◆ **SUPPLIED DATA**
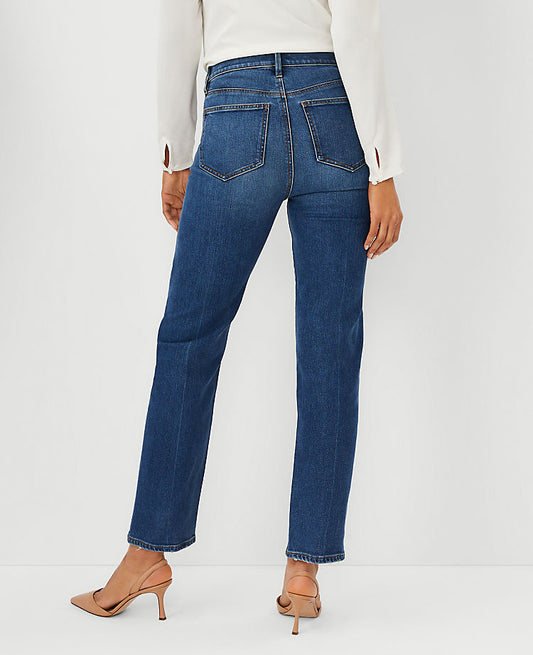 Jean droit taille haute Sculpting Pocket à délavage moyen classique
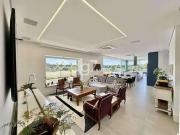 Casa / Sobrado para Venda em Cotia/SP Granja Viana 7 Quartos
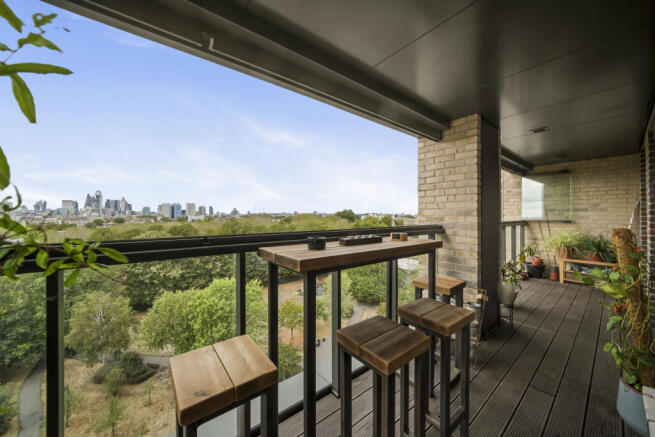Modern 8th Floor Apartment with London Skyline Vi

◆ **WHAT NEEDS TO BE DONE**
Each line of the listing above should be retyped exactly, with no pictures.

◆ **OUTPUT FOR THIS EXERCISE**
 Jean droit taille haute Sculpting Pocket à délavage moyen classique
 Casa / Sobrado para Venda em Cotia/SP Granja Viana 7 Quartos
Modern 8th Floor Apartment with London Skyline Vi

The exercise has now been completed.